The whole listing is to be written out again exactly; the pictures are not.

(GIVEN DATA):
◇ ◇ ◇ ◇

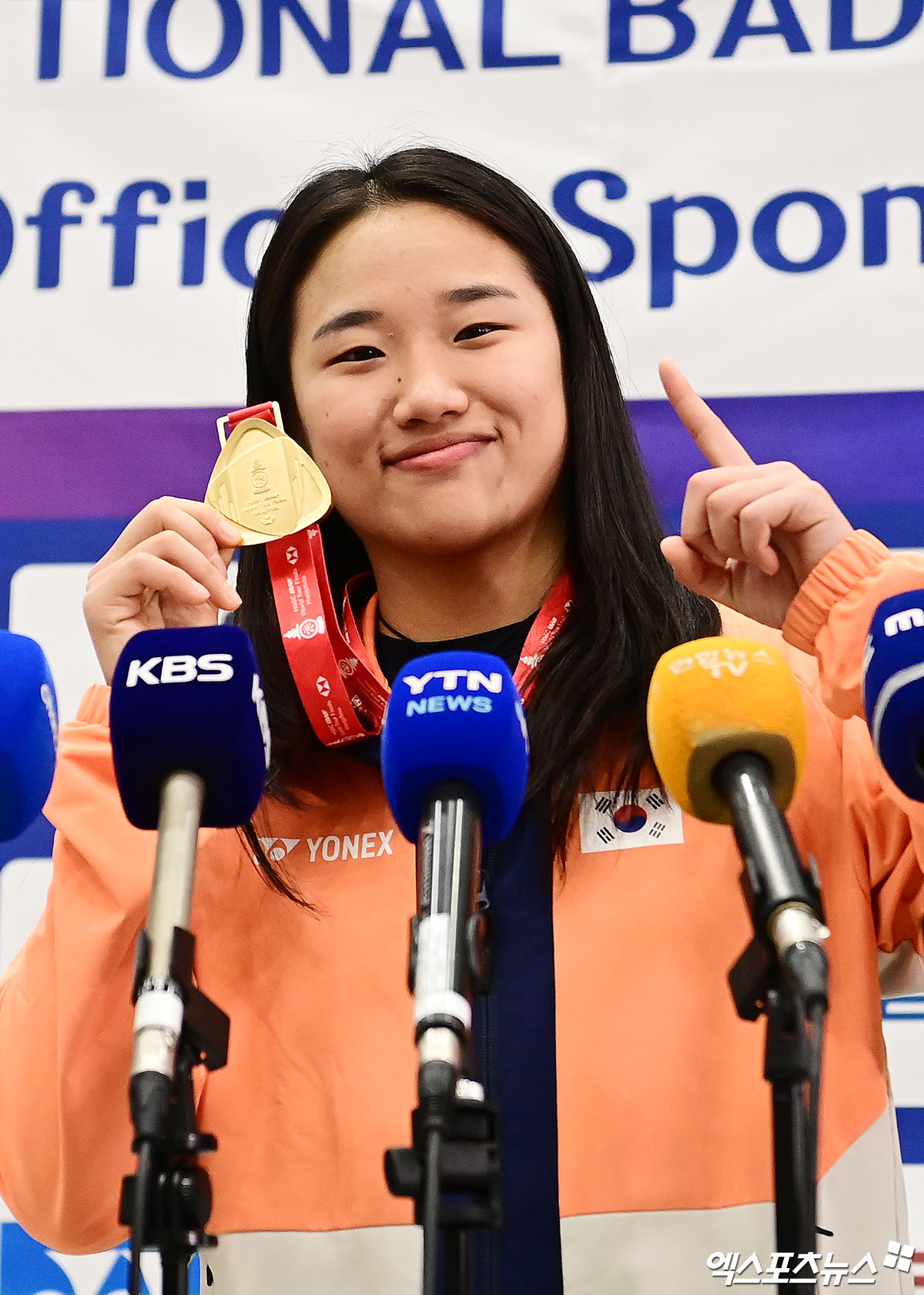 안세영은 중국 항저우에서 열렸던 2025 세계배드민턴연맹(BWF) 월드투어 파이널을 마치고 22일 오후 인천국제공항을 통해 귀국했다. 안세영은 지난 21일 중국 항저우의 올림픽 스포츠 센터에서 열린 대회 여자 단식 결승전에서 중국의 왕즈이(세계 2위)를 게임스코어 2-1(21-13 18-21 21-10)로 누르고 우승을 차지했다. 올시즌 11관왕에 오르며 새 역사를 썼음에도 안세영은 자신의 전성기가 오지 않을 것으로 내다봤다. 인천공항, 박지영 기자
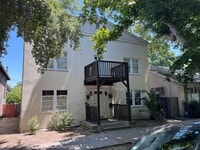 Building Photo - DARLING UPDATED 2 BED APT IN DOWNTOWN SACRAMENTO!!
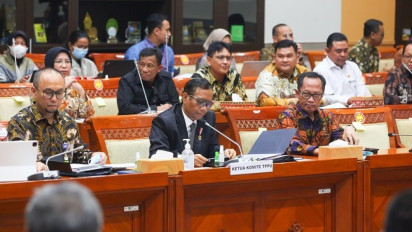 Perang Dalil Mahfud MD dan Arsul Sani dalam Rapat Transaksi Janggal Rp349 Triliun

◇ ◇ ◇ ◇

(RESPONSE TO THIS EXERCISE):
 안세영은 중국 항저우에서 열렸던 2025 세계배드민턴연맹(BWF) 월드투어 파이널을 마치고 22일 오후 인천국제공항을 통해 귀국했다. 안세영은 지난 21일 중국 항저우의 올림픽 스포츠 센터에서 열린 대회 여자 단식 결승전에서 중국의 왕즈이(세계 2위)를 게임스코어 2-1(21-13 18-21 21-10)로 누르고 우승을 차지했다. 올시즌 11관왕에 오르며 새 역사를 썼음에도 안세영은 자신의 전성기가 오지 않을 것으로 내다봤다. 인천공항, 박지영 기자
 Building Photo - DARLING UPDATED 2 BED APT IN DOWNTOWN SACRAMENTO!!
 Perang Dalil Mahfud MD dan Arsul Sani dalam Rapat Transaksi Janggal Rp349 Triliun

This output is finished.